_WORK ITEM_
Return all of the records below verbatim.

──────── SOURCE RECORDS

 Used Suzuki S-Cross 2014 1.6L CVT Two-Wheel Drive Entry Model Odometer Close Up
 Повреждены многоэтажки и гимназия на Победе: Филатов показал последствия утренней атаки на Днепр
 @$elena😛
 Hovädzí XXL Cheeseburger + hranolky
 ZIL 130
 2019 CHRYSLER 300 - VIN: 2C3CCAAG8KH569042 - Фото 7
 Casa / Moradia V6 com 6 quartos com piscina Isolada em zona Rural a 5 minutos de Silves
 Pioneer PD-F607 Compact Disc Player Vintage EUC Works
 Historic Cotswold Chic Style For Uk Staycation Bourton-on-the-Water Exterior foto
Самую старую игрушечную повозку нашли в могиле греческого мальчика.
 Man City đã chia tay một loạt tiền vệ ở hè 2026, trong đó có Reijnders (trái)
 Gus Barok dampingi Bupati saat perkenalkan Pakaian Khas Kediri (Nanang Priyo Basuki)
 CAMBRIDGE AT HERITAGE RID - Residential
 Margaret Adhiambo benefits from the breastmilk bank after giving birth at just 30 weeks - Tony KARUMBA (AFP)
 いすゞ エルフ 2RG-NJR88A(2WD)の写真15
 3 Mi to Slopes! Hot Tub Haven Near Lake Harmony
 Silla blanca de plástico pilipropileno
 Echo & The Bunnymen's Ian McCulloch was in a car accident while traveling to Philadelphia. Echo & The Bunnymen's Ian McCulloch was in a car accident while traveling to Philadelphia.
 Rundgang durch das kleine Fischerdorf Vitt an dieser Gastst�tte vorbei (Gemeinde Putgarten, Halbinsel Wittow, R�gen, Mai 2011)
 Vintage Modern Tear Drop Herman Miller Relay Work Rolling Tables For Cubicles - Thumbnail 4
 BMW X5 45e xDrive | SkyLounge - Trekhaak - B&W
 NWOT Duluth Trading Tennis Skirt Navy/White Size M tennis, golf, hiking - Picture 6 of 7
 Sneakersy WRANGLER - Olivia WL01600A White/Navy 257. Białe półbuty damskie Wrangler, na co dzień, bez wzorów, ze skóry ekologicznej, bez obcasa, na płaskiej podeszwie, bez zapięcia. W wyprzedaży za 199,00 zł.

────────────────

_ANSWER_
 Used Suzuki S-Cross 2014 1.6L CVT Two-Wheel Drive Entry Model Odometer Close Up
 Повреждены многоэтажки и гимназия на Победе: Филатов показал последствия утренней атаки на Днепр
 @$elena😛
 Hovädzí XXL Cheeseburger + hranolky
 ZIL 130
 2019 CHRYSLER 300 - VIN: 2C3CCAAG8KH569042 - Фото 7
 Casa / Moradia V6 com 6 quartos com piscina Isolada em zona Rural a 5 minutos de Silves
 Pioneer PD-F607 Compact Disc Player Vintage EUC Works
 Historic Cotswold Chic Style For Uk Staycation Bourton-on-the-Water Exterior foto
Самую старую игрушечную повозку нашли в могиле греческого мальчика.
 Man City đã chia tay một loạt tiền vệ ở hè 2026, trong đó có Reijnders (trái)
 Gus Barok dampingi Bupati saat perkenalkan Pakaian Khas Kediri (Nanang Priyo Basuki)
 CAMBRIDGE AT HERITAGE RID - Residential
 Margaret Adhiambo benefits from the breastmilk bank after giving birth at just 30 weeks - Tony KARUMBA (AFP)
 いすゞ エルフ 2RG-NJR88A(2WD)の写真15
 3 Mi to Slopes! Hot Tub Haven Near Lake Harmony
 Silla blanca de plástico pilipropileno
 Echo & The Bunnymen's Ian McCulloch was in a car accident while traveling to Philadelphia. Echo & The Bunnymen's Ian McCulloch was in a car accident while traveling to Philadelphia.
 Rundgang durch das kleine Fischerdorf Vitt an dieser Gastst�tte vorbei (Gemeinde Putgarten, Halbinsel Wittow, R�gen, Mai 2011)
 Vintage Modern Tear Drop Herman Miller Relay Work Rolling Tables For Cubicles - Thumbnail 4
 BMW X5 45e xDrive | SkyLounge - Trekhaak - B&W
 NWOT Duluth Trading Tennis Skirt Navy/White Size M tennis, golf, hiking - Picture 6 of 7
 Sneakersy WRANGLER - Olivia WL01600A White/Navy 257. Białe półbuty damskie Wrangler, na co dzień, bez wzorów, ze skóry ekologicznej, bez obcasa, na płaskiej podeszwie, bez zapięcia. W wyprzedaży za 199,00 zł.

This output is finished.